▶ [Aim of the task]: Could every line of the listing be output exactly, with the pictures skipped?

──────── Supplied information ────────

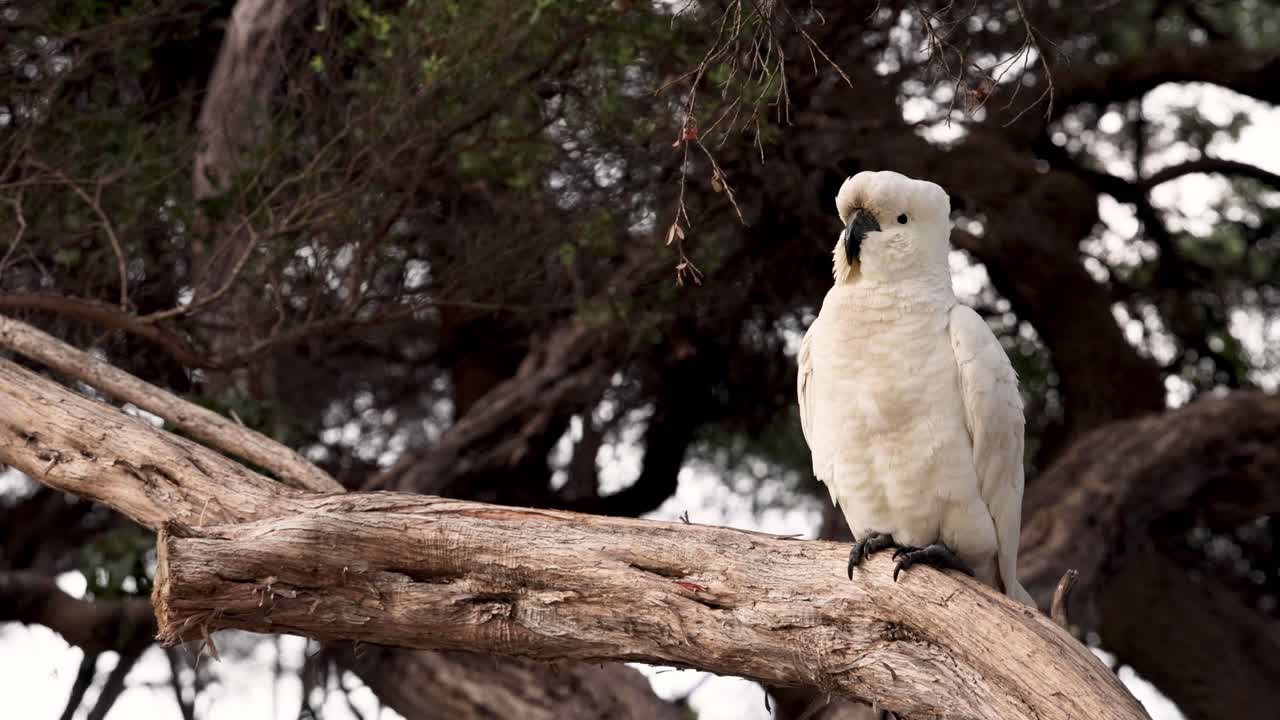 una cacatúa que se arregla en una rama de un árbol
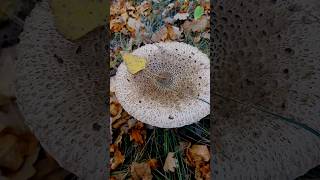 Гриб Зонтик пёстрый #грибочки #fungi #лесной #nature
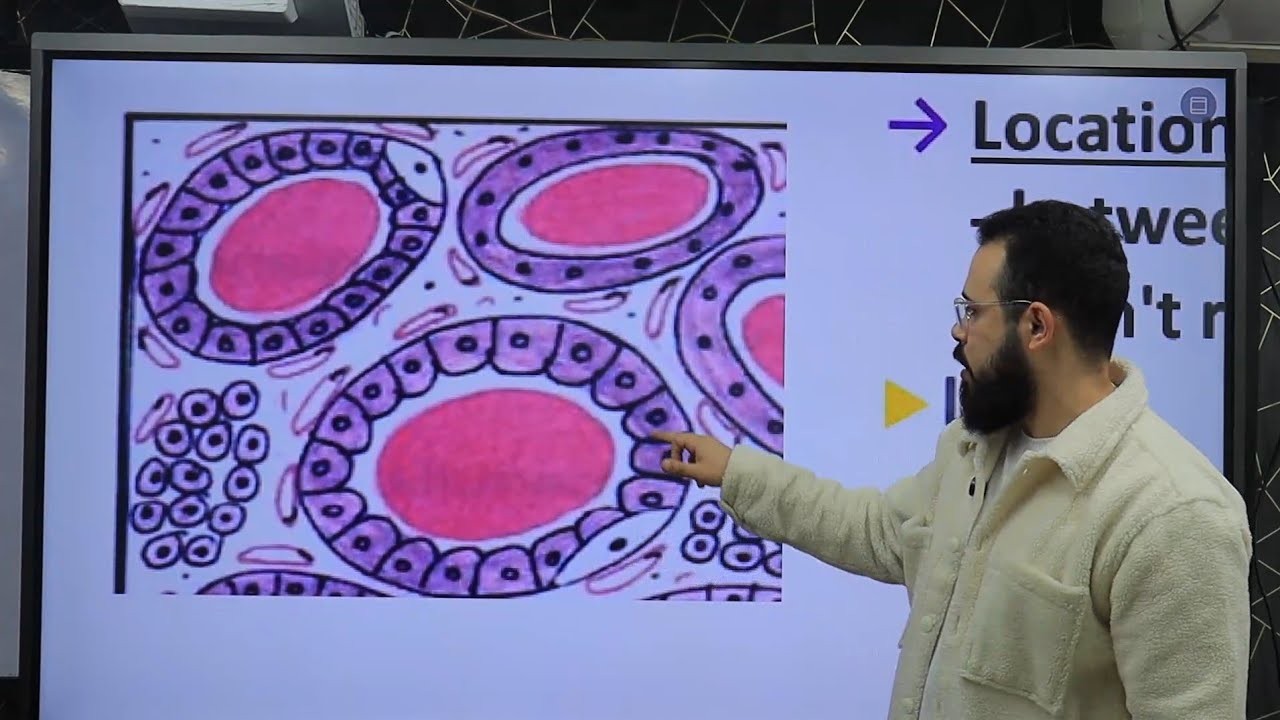 Endocrine - 3 [[ Histology - د/عبدالوهاب ]] - القصر العيني 198
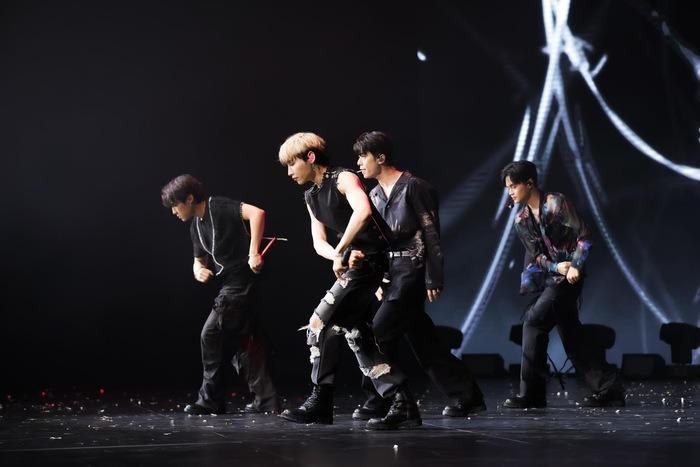 Cựu thành viên Wanna One bất ngờ hiểu tiếng Việt trôi chảy-3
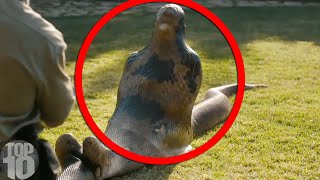 10 CRAZIEST Snake Attacks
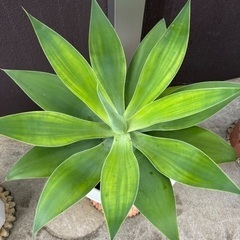 アガベ（観葉植物）の画像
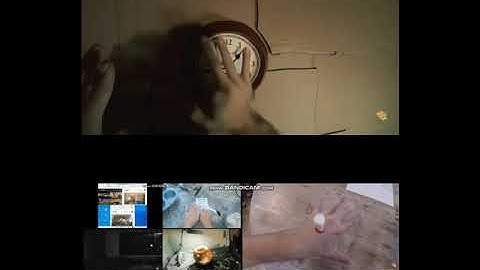 Up To Faster 21 Parison To Buttered Side Down (Reupload)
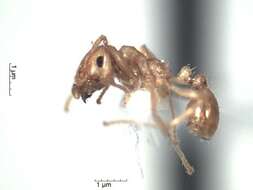 Image de Pheidole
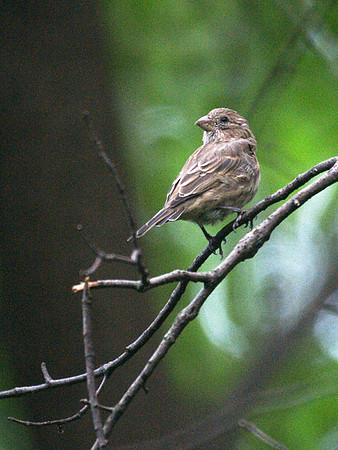 House Finch, Central Park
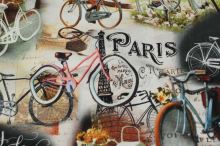 Úplet bicykel a Paríž, š.160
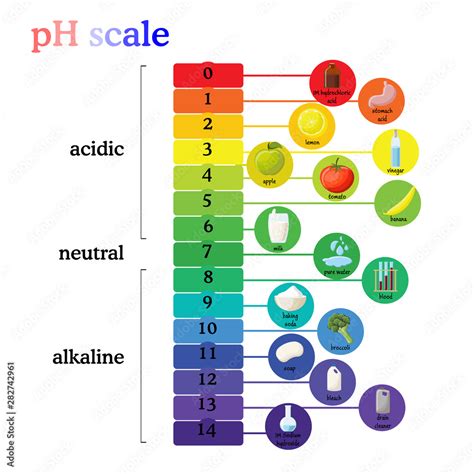 pH scale diagram with corresponding acidic or alkaline values for ...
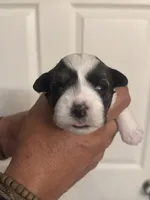 Jack, a male Miniature Schnauzer for sale in Brighton, MO – Photo 5 of 9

────────

▶ [Worked solution]:
 una cacatúa que se arregla en una rama de un árbol
 Гриб Зонтик пёстрый #грибочки #fungi #лесной #nature
 Endocrine - 3 [[ Histology - د/عبدالوهاب ]] - القصر العيني 198
 Cựu thành viên Wanna One bất ngờ hiểu tiếng Việt trôi chảy-3
 10 CRAZIEST Snake Attacks
 アガベ（観葉植物）の画像
 Up To Faster 21 Parison To Buttered Side Down (Reupload)
 Image de Pheidole
 House Finch, Central Park
 Úplet bicykel a Paríž, š.160
 pH scale diagram with corresponding acidic or alkaline values for ...
 Jack, a male Miniature Schnauzer for sale in Brighton, MO – Photo 5 of 9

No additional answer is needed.